Copy nothing but the lines below, from the one with "Exercise: Underline the" through the one with "Today I'm going", exactly as written; no pictures should appear.

§ Extracted information:
+---+
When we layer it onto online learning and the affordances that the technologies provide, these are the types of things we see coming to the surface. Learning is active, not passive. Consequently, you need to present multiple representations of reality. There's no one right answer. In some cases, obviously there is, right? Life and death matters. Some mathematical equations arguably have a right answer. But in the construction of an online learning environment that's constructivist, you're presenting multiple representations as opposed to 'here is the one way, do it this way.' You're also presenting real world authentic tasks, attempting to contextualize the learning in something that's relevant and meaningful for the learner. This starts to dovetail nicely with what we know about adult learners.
+---+
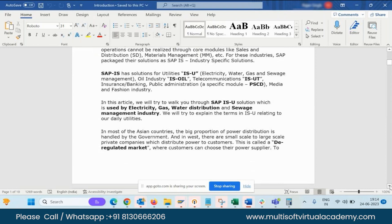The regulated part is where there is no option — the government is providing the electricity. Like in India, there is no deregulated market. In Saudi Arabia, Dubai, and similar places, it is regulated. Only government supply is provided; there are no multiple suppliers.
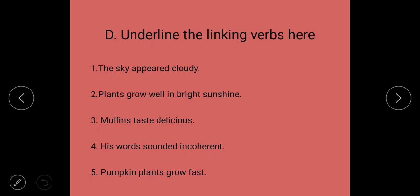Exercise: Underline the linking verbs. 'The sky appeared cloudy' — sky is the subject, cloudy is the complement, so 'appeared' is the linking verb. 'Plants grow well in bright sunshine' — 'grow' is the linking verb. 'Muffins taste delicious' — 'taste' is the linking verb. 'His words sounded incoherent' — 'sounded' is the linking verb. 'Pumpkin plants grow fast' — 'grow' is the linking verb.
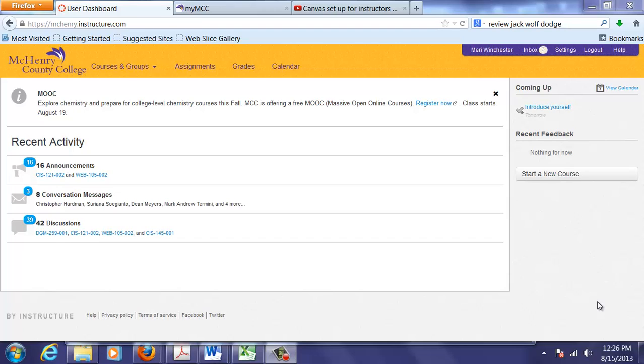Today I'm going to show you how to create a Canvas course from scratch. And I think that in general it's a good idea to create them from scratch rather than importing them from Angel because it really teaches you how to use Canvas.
+---+
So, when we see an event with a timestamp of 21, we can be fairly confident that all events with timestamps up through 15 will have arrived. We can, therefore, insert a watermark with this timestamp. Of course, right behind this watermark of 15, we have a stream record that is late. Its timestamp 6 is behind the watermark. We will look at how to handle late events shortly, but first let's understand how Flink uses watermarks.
+---+
§ Exercise result:
Exercise: Underline the linking verbs. 'The sky appeared cloudy' — sky is the subject, cloudy is the complement, so 'appeared' is the linking verb. 'Plants grow well in bright sunshine' — 'grow' is the linking verb. 'Muffins taste delicious' — 'taste' is the linking verb. 'His words sounded incoherent' — 'sounded' is the linking verb. 'Pumpkin plants grow fast' — 'grow' is the linking verb.
Today I'm going to show you how to create a Canvas course from scratch. And I think that in general it's a good idea to create them from scratch rather than importing them from Angel because it really teaches you how to use Canvas.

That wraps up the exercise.